Kaçış sendromu hastalığı, son günlerde en merak edilen rahatsızlıklar arasında yer alıyor. Türkiye’de de tanınmış yüzlerden biri olan Mehmet Ali Erbil’in hastalığı olarak bilinen bu sendrom, bir çeşit damar hastalığı olarak tanımlanmaktadır. Damarlarda görülen daralma ve genişleme ile ortaya çıkan bu hastalık damar sıvısının azalmasına yol açtığından ani değişimler sonucu ataklara yol açıyor. Kaçış sendromu hastalığı nedir? sorusuna kapsamlı cevapları bu yazıda bulabilirsiniz.
Kaçış Sendromu Nedir Ve Belirtileri Nelerdir?

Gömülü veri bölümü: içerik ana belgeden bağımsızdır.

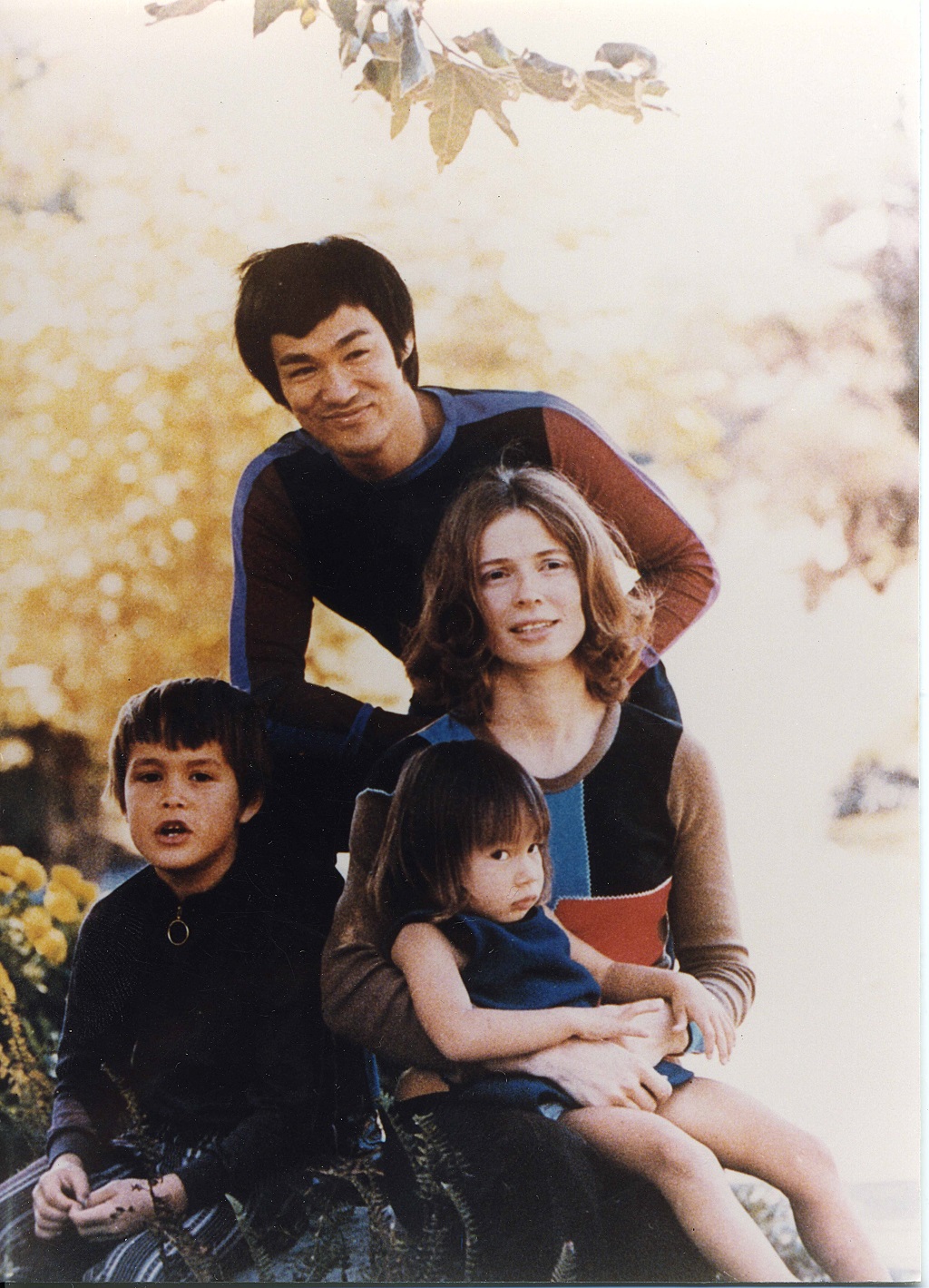 Bruce Lee with his wife Linda, son Brandon, and daughter Shannon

Oldukça nadir rastlanılan bir hastalık türü olan kaçış sendromu ilk olarak 1960 senesinde Dr. B. Clarkson tarafından teşhis edilmiştir. Bir diğer adı Clarkson hastalığı olan bu sendrom, damarlarda meydana gelen sıvı kaybı ve azalması sonucunda ortaya çıkar. Hastalığa ne gibi etkenlerin yol açtığı henüz bilinmemekle beraber damarlarda mineral, protein ve sıvıların azalması sonucu meydana gelen bir takım nöbetler halinde hastalığın belirtileri gözlemlenebilinir.
Yorgunluk, yüksek ateş, halsizlik, karın ağrısı, kusma gibi durumların sıkça tekrarlanması sonucunda tanımlanabilinen bu hastalıkta ilk semptomlar tıpkı bir soğuk algınlığını ya da gribal enfeksiyonu andırmaktadır. Hastalıkta kılcal damarlarda bulunan sıvıların damar dışına sızması durumunda çeşitli ataklar meydana gelmektedir. Damardaki basıncın azalması ve tansiyon probleminin nüksetmesi sonucunda hastada bir şok durumu gözlemlenir. Bu durumda damardan sızan sıvılar kalp ve akciğer kısmında birikerek hastanın durumunu daha da kritik bir hale getirebilir.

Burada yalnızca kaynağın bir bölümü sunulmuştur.